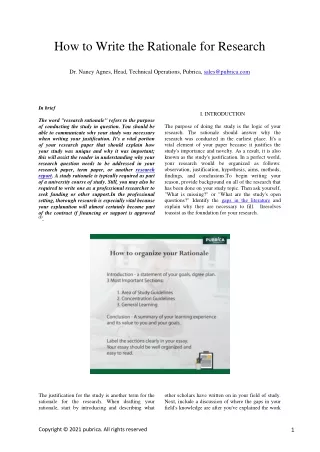 how to write the rationale for research dr nancy
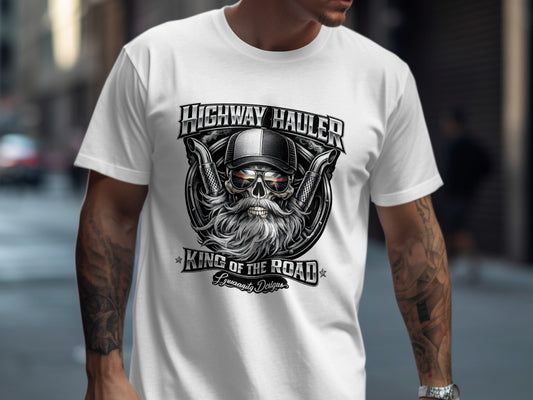 White t-shirt with "Highway Hauler King of the Road" graphic.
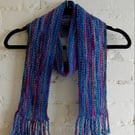 Hand-knitted, hand-dyed scarf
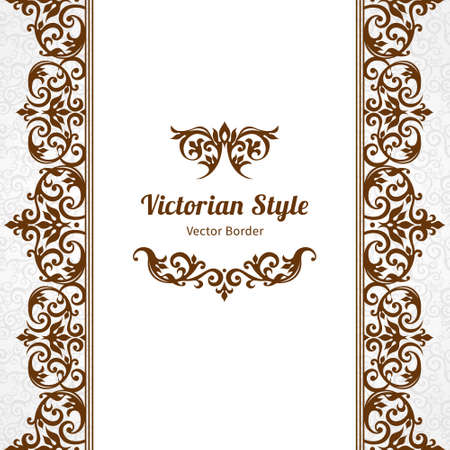 Vector ornate seamless border in Victorian style. Gorgeous element for design, place for text. Ornamental vintage pattern for wedding invitations, birthday and greeting cards. Traditional brown decor.のイラスト素材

---

YOUR INSTRUCTIONS: Go through the lines above and write each one out verbatim, skipping the pictures.

ANSWER SECTION:
 how to write the rationale for research dr nancy
 White t-shirt with "Highway Hauler King of the Road" graphic.
 Hand-knitted, hand-dyed scarf
 Vector ornate seamless border in Victorian style. Gorgeous element for design, place for text. Ornamental vintage pattern for wedding invitations, birthday and greeting cards. Traditional brown decor.のイラスト素材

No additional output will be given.